Just when we thought it couldn’t get any worse for fans of Holden (and Australian cars in general), GM has opted to consign the entire Holden brand to the history books after years of declining sales. Read more here:
Given that, until now, I still held out hope for Holden as an importer cherry-picking the best models in GM’s portfolio and adapting them for the Australian market, even after axing the Commodore altogether, this announcement leaves me gutted, especially since I have been lucky enough to see (and hear) many of their iconic models on the road throughout my life. Twenty, or even ten years ago, I never thought Holden would be axed, but now that it will be in a year’s time, I feel nothing but disappointment and bitterness; the fact that it comes so soon after the end of local manufacturing only makes it worse.
Of greater concern is the fallout from Holden’s demise, one-and-a-half centuries after the name first appeared on a saddlery, and just three years short of its 75th anniversary. The design studio in Melbourne and the Lang Lang proving ground will be closed down (and most likely bulldozed), leading to hundreds of jobs being lost - and to add insult to injury, this could put GM’s plans to export the C8 Corvette to Australia in limbo.

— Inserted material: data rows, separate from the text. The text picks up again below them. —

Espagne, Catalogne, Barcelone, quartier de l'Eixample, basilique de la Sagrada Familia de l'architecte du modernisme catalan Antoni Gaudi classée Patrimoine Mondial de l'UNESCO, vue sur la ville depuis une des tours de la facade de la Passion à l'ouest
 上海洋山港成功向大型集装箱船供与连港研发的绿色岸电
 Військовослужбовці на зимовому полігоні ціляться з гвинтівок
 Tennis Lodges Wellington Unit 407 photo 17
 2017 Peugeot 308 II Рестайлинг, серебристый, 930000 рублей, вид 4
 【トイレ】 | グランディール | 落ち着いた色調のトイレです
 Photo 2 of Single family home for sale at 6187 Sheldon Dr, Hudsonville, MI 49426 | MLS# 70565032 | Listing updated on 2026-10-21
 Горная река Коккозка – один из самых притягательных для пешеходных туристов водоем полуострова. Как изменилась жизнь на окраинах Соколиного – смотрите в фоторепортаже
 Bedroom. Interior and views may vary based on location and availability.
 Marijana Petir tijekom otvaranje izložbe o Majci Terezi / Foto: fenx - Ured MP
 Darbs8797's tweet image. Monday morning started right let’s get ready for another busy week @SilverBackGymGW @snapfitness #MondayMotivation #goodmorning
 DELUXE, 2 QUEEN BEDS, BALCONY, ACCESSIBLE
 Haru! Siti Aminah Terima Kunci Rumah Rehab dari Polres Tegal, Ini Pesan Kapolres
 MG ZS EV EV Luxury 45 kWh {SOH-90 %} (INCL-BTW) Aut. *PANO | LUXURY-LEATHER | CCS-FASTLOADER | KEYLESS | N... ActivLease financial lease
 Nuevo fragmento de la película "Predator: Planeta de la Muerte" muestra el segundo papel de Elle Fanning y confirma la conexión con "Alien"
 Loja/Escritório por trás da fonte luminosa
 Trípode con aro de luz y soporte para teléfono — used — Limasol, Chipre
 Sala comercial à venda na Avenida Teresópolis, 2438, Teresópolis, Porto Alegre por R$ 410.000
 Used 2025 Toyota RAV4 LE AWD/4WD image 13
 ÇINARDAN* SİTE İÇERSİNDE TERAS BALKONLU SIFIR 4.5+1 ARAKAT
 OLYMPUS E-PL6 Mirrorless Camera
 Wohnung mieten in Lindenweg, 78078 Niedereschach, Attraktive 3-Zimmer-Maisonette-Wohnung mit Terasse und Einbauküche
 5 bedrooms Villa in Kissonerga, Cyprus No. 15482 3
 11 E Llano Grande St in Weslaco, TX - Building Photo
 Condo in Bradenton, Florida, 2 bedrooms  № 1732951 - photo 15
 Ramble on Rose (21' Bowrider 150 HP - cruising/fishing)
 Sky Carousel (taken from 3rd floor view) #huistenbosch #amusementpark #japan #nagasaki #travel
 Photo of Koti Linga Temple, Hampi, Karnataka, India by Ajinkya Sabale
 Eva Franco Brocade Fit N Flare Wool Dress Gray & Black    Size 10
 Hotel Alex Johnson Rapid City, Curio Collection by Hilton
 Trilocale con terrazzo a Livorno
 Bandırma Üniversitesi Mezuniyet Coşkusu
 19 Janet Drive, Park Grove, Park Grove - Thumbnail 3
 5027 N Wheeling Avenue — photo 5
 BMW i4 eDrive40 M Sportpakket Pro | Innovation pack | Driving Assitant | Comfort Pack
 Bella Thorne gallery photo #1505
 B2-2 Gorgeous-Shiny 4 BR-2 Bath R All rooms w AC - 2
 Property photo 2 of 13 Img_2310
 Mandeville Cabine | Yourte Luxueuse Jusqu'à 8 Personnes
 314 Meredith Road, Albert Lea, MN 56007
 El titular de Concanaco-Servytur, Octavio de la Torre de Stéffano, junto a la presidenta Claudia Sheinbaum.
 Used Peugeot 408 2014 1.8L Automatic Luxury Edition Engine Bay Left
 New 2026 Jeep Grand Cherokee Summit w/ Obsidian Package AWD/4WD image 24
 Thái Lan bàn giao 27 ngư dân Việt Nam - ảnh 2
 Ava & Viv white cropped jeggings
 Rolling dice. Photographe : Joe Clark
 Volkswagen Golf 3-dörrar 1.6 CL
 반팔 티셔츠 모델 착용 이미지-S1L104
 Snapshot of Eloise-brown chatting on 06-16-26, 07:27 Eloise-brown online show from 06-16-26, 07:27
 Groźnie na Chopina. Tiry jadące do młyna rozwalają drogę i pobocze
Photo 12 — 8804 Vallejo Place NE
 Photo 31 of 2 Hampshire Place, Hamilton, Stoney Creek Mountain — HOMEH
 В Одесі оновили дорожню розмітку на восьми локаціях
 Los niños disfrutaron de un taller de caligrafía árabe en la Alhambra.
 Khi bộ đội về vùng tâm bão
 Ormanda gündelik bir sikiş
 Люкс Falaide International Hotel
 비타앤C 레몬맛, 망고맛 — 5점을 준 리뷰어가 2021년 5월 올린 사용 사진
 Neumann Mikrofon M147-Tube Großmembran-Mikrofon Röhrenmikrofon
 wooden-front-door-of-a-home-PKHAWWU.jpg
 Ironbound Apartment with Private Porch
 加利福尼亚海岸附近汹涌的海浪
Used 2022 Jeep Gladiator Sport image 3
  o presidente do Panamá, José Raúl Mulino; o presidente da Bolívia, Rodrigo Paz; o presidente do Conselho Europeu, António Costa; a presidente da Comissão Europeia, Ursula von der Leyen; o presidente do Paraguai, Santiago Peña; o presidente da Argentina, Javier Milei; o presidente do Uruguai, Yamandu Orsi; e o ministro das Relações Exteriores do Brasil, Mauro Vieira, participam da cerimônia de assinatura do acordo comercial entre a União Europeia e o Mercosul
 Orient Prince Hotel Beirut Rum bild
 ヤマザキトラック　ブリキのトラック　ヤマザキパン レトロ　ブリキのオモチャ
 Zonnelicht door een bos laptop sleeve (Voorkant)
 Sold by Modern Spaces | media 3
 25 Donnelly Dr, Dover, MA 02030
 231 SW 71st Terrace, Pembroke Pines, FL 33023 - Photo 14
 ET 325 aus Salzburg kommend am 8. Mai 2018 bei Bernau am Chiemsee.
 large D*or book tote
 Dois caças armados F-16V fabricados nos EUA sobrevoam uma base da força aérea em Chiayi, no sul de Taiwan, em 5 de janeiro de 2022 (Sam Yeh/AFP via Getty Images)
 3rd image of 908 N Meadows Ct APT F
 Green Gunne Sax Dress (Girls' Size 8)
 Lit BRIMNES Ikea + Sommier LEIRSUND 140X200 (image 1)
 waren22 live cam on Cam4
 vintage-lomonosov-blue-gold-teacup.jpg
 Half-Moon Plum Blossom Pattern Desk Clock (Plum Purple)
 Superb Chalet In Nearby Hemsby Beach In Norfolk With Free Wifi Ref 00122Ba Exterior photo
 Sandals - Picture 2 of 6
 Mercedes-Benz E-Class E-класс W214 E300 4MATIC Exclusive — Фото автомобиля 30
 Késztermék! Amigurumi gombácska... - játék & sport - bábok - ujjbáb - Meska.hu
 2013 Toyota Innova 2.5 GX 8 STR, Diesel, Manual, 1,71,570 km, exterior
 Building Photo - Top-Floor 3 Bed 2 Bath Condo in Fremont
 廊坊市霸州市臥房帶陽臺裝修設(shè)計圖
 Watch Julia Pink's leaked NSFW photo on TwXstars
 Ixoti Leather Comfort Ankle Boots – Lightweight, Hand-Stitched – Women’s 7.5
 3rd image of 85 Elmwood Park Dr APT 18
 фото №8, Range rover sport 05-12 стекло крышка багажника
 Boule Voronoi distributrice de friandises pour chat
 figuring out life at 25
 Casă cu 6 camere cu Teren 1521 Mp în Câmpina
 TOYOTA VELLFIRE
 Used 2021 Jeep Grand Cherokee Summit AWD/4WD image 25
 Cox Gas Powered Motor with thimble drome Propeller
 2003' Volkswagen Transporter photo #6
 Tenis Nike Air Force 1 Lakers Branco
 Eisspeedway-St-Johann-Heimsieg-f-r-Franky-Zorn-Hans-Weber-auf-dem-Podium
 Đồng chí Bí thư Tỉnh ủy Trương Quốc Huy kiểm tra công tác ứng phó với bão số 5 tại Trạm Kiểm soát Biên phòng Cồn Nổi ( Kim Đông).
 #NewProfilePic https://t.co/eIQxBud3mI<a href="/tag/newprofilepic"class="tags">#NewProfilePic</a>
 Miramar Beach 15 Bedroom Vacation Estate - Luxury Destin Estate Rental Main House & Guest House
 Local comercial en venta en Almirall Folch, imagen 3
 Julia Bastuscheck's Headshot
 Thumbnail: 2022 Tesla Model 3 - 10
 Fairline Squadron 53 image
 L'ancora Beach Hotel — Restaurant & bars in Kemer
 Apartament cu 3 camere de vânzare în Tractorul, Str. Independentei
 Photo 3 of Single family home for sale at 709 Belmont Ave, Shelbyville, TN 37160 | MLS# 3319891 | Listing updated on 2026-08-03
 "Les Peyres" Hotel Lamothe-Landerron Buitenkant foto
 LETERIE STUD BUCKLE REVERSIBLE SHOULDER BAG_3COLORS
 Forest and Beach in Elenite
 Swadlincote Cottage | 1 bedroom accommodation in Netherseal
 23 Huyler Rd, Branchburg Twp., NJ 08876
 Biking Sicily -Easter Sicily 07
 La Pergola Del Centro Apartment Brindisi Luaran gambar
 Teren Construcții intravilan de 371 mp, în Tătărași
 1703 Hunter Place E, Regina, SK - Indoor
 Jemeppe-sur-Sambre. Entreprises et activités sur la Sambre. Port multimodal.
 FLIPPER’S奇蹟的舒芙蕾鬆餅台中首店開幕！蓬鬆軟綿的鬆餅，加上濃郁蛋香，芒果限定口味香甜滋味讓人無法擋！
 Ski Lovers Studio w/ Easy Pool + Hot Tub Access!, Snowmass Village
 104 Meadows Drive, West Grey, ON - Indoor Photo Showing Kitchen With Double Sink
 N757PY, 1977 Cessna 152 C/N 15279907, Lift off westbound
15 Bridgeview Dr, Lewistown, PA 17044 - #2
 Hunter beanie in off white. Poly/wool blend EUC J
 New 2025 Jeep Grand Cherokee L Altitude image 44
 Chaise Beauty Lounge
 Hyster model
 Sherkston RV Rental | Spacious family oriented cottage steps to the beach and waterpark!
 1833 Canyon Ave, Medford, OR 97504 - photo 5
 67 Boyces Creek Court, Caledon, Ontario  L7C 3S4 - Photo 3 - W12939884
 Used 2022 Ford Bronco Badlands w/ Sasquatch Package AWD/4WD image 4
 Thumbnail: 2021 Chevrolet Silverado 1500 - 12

Moreover, Holden’s demise has blindsided the Australian government, leaving even the current Prime Minister, Scott Morrison, furious, and to add insult to injury, GM as a whole is withdrawing permanently from all right-hand-drive markets (as evidenced by its decision to sell the Thai factory in which the current Colorado is made to Chinese manufacturer Great Wall Motors) to focus on its strongholds in China and North America - which means that it will never again be considered a global automaker.
Abandoning the Australian market will not only cost GM billions of dollars in the short and long term, but will also deprive Australia of a cultural and motorsport legacy stretching back several decades. Understandably, the Supercars Championship is going to be changed forever - the Commodore will disappear from the grid within a year or two - and many drivers and teams are already paying tribute to the soon-to-be extinct brand they raced for and/or against through the years:
On top of that, HSV will be replaced by the less memorably named General Motors Specialty Vehicles - Walkinshaw Performance would have been a more fitting moniker for Holden’s go-faster arm.
So what do you think about the demise of Holden as a whole - a sad downfall which went from an impossibility several decades ago to an inevitability today?